**ASSIGNMENT:**
Could you set down exactly the lines of the data below, starting at the one that holds "istock Building with" and ending at the one that holds "a bedroom with", both included, and only those?

::::

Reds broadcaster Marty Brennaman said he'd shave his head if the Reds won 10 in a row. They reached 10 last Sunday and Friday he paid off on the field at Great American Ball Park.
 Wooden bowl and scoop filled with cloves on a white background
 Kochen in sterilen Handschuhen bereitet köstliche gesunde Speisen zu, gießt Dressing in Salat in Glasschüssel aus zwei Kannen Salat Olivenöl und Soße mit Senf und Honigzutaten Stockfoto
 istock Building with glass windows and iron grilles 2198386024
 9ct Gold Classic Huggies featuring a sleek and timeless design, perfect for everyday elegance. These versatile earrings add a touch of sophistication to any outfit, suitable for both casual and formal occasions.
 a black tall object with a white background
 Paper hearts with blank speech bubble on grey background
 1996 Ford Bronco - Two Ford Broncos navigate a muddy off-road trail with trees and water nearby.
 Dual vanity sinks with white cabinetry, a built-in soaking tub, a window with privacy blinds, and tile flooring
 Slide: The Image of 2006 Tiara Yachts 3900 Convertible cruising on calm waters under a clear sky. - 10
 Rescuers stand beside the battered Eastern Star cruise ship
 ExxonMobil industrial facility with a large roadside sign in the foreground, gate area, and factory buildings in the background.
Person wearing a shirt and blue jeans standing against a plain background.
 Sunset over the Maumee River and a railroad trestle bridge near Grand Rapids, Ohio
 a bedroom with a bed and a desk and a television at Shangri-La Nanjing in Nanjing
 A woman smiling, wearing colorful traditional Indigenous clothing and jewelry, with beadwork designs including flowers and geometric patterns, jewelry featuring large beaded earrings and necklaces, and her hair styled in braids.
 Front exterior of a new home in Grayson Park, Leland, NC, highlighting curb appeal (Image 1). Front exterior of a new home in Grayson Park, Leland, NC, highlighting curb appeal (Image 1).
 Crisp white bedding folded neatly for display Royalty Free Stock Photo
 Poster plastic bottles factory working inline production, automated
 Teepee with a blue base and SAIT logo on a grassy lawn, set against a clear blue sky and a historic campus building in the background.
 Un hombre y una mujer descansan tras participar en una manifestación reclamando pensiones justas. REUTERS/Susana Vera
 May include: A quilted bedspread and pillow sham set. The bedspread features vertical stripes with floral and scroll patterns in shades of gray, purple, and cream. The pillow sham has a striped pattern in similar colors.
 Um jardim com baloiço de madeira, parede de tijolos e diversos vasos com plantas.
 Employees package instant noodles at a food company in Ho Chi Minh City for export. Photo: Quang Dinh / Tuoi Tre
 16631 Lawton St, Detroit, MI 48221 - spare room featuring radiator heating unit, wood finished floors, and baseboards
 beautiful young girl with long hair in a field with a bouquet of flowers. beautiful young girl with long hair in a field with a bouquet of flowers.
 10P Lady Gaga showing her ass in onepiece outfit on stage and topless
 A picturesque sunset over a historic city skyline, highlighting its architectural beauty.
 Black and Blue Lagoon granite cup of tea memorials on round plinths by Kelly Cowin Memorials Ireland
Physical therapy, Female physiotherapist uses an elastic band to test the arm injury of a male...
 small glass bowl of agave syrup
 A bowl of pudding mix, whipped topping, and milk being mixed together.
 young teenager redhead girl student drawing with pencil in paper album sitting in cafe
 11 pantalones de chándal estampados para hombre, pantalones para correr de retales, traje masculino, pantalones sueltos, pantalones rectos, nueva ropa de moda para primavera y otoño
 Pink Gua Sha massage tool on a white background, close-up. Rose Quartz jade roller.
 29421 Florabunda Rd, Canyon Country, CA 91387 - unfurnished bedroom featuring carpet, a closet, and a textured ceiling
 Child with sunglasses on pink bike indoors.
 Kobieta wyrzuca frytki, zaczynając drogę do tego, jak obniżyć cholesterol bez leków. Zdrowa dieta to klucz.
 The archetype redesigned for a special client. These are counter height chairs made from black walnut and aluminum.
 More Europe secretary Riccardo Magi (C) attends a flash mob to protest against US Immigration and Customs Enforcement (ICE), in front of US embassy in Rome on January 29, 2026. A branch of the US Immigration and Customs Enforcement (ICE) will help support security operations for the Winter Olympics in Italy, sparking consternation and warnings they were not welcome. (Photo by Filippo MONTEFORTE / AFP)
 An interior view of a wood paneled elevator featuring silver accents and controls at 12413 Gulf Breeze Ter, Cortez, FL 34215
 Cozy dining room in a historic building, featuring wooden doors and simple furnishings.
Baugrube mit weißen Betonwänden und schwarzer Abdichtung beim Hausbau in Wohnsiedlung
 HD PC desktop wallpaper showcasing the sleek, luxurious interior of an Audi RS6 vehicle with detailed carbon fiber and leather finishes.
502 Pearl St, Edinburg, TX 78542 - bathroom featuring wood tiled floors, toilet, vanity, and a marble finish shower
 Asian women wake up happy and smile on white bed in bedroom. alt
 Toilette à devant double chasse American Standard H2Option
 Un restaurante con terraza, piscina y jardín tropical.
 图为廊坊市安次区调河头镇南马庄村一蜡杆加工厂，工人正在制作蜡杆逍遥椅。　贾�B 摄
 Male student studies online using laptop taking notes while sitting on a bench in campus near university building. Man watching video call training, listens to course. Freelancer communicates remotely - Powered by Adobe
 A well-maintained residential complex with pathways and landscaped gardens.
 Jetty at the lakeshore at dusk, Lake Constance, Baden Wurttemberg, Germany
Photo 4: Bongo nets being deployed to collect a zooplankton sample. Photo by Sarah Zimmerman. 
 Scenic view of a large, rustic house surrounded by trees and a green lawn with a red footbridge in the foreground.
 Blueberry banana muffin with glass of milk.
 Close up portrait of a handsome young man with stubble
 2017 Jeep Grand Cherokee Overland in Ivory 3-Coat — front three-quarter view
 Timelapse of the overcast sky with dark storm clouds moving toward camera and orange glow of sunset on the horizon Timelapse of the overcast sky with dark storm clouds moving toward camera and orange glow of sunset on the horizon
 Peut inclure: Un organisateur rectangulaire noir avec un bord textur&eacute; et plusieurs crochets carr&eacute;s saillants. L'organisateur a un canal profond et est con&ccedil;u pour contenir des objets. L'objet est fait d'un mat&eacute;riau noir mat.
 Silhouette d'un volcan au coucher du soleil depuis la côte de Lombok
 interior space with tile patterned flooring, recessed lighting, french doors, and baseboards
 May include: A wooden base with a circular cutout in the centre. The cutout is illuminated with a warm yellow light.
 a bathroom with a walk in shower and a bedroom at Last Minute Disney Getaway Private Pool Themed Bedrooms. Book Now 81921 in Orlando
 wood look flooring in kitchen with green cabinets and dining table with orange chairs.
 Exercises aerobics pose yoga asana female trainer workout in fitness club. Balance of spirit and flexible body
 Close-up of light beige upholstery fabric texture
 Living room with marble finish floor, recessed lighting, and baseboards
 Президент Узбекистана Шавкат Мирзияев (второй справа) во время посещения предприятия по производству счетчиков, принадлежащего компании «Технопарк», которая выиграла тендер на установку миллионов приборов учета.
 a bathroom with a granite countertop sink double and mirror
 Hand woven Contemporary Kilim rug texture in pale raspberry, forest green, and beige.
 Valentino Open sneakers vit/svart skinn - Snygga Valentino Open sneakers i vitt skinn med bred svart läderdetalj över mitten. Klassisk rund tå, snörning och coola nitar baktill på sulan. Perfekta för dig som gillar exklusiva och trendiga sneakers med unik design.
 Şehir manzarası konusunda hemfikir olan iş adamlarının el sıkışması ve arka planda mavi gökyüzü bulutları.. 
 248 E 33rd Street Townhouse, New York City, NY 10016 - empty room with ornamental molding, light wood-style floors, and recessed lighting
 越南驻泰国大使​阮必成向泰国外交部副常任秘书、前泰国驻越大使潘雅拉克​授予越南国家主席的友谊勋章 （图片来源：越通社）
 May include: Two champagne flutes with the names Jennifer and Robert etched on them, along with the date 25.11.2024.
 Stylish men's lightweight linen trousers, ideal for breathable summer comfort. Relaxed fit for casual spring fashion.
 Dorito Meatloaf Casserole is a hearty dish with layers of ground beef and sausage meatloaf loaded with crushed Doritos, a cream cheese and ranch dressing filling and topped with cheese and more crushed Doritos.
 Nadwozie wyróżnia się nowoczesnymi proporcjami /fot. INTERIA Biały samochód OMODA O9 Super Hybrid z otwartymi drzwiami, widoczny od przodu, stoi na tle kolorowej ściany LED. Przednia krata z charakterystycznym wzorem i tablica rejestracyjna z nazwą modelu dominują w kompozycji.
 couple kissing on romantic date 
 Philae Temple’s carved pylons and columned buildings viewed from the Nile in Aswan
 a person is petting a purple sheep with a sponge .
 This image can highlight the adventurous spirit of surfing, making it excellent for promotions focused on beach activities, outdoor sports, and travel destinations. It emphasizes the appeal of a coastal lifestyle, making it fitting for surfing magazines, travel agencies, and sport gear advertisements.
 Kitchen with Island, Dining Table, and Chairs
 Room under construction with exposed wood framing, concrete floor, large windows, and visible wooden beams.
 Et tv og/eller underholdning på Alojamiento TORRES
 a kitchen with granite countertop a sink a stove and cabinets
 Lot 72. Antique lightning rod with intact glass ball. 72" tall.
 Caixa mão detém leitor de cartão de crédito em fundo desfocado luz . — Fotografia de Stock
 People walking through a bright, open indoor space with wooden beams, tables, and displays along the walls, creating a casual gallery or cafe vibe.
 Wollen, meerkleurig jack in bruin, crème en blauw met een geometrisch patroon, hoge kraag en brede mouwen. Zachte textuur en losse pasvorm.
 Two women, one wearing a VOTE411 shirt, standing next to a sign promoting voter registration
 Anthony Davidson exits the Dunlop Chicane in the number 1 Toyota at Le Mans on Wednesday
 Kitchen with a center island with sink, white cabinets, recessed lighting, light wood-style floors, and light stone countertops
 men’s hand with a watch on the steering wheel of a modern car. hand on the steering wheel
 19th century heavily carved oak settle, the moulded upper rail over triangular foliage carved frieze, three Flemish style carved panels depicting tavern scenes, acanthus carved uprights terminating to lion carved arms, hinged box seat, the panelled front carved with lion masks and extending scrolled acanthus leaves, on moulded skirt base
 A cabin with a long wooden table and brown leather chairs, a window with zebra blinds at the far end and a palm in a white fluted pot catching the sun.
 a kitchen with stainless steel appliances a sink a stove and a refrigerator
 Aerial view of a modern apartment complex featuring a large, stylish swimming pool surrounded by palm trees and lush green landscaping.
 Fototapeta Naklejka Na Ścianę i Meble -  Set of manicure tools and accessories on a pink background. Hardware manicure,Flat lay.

::::

**EXPECTED ANSWER:**
 istock Building with glass windows and iron grilles 2198386024
 9ct Gold Classic Huggies featuring a sleek and timeless design, perfect for everyday elegance. These versatile earrings add a touch of sophistication to any outfit, suitable for both casual and formal occasions.
 a black tall object with a white background
 Paper hearts with blank speech bubble on grey background
 1996 Ford Bronco - Two Ford Broncos navigate a muddy off-road trail with trees and water nearby.
 Dual vanity sinks with white cabinetry, a built-in soaking tub, a window with privacy blinds, and tile flooring
 Slide: The Image of 2006 Tiara Yachts 3900 Convertible cruising on calm waters under a clear sky. - 10
 Rescuers stand beside the battered Eastern Star cruise ship
 ExxonMobil industrial facility with a large roadside sign in the foreground, gate area, and factory buildings in the background.
Person wearing a shirt and blue jeans standing against a plain background.
 Sunset over the Maumee River and a railroad trestle bridge near Grand Rapids, Ohio
 a bedroom with a bed and a desk and a television at Shangri-La Nanjing in Nanjing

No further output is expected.